How to complete this task:
If a picture appears in the records below, drop it, and reproduce everything else exactly.

Data to examine:
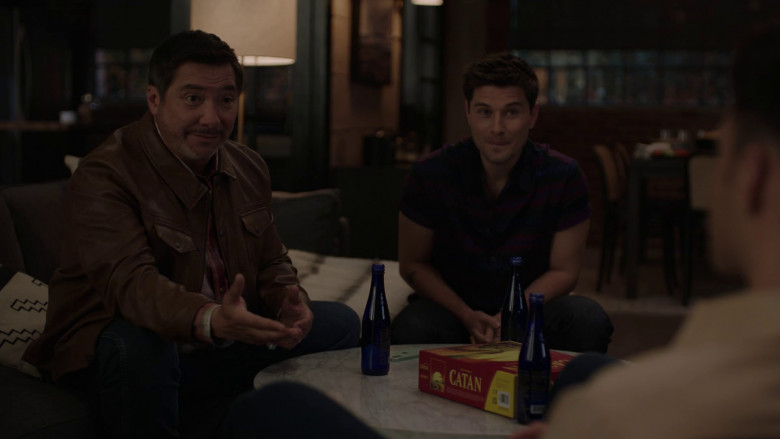 Catan Board Game and Apple iPhone in 9-1-1: Lone Star S04E17 "Best of Men" (2023) - 371083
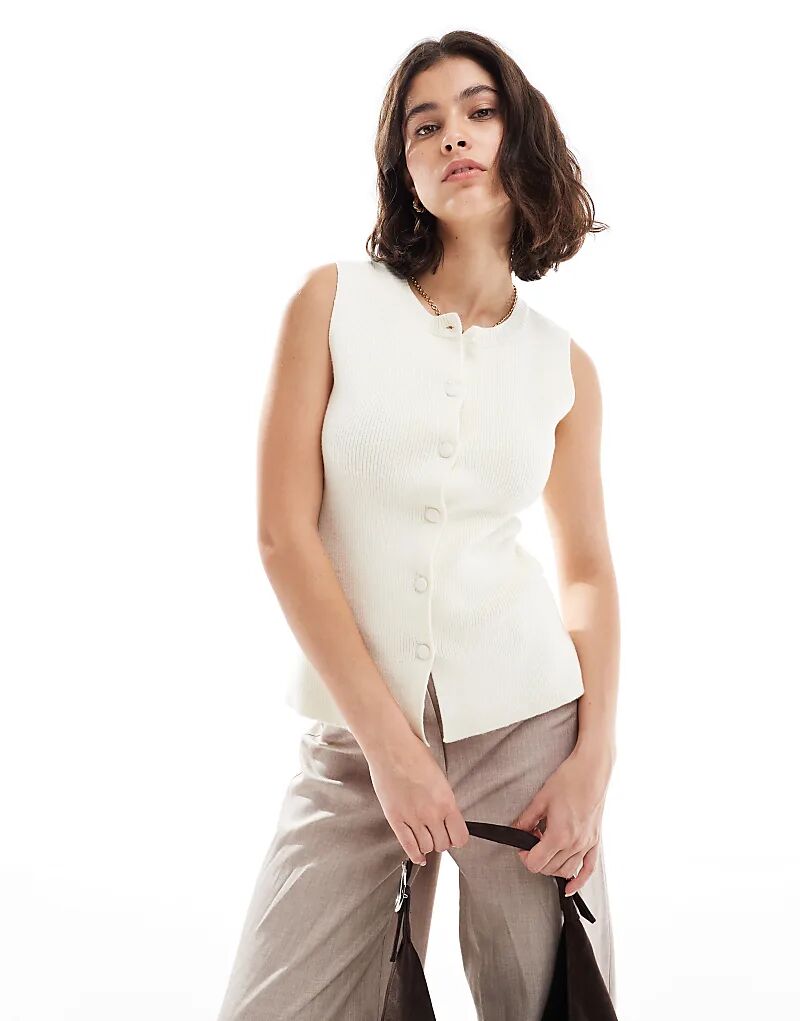 Трикотажный жилет Miss Selfridge кремового цвета с приталенным лифом
Трикотажный жилет Miss Selfridge кремового цвета с приталенным лифом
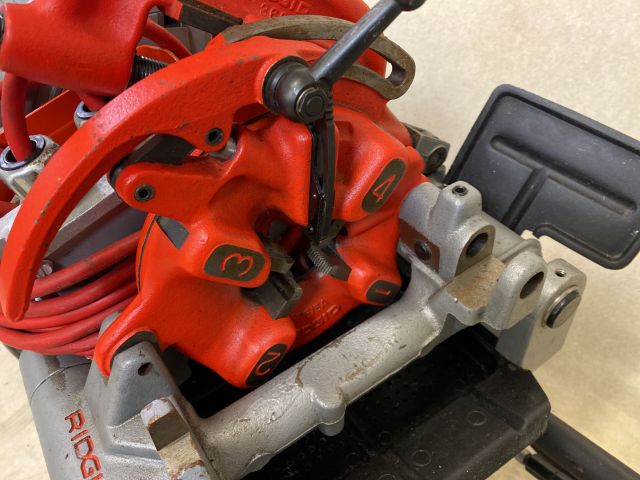 721413-4 Threaded machine Ridgid 300 Compact with stand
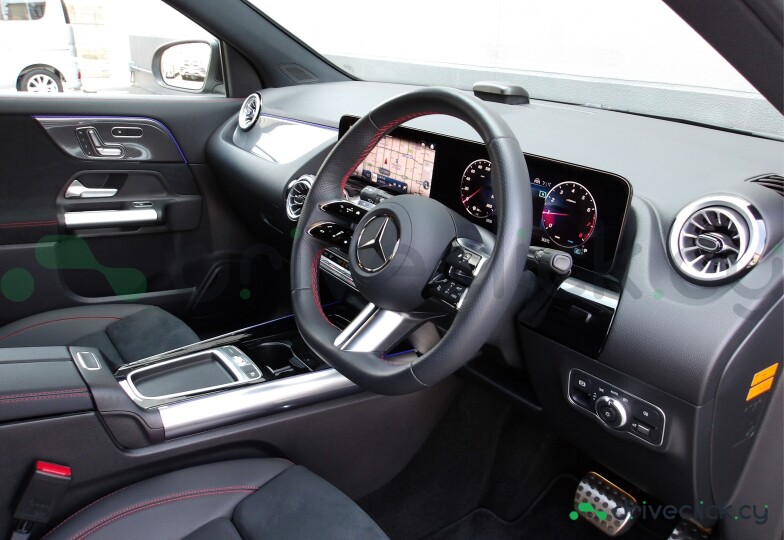 Mercedes GLA-class Black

Answer below:
 Catan Board Game and Apple iPhone in 9-1-1: Lone Star S04E17 "Best of Men" (2023) - 371083
 Трикотажный жилет Miss Selfridge кремового цвета с приталенным лифом
Трикотажный жилет Miss Selfridge кремового цвета с приталенным лифом
 721413-4 Threaded machine Ridgid 300 Compact with stand
 Mercedes GLA-class Black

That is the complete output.